* **What this task involves**
Once you find the line containing "Used VW Arteon", set down exactly that line and every one after it through the end of the listing below, with both ends included and any pictures omitted.

* **Given data**

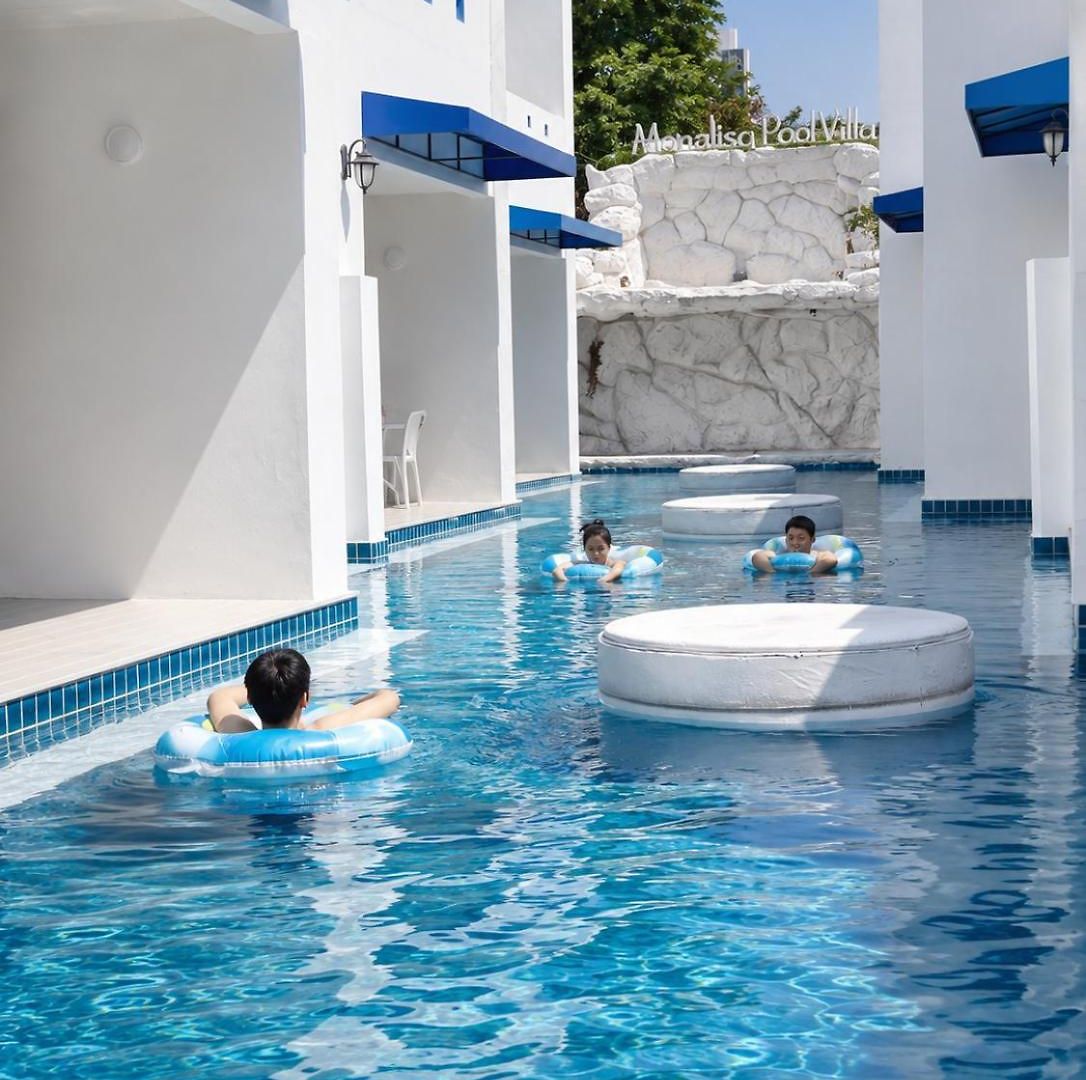 Mona Lisa Pool โฮมสเตย์
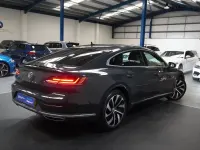 Used VW Arteon R-line 200 HP (147 kW) 2020 Grey Hatchback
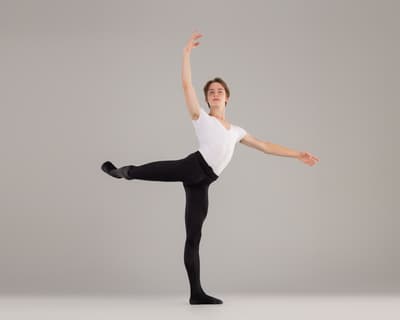 Dylan West — Classical dancer, United States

* **Exercise answer**
 Used VW Arteon R-line 200 HP (147 kW) 2020 Grey Hatchback
 Dylan West — Classical dancer, United States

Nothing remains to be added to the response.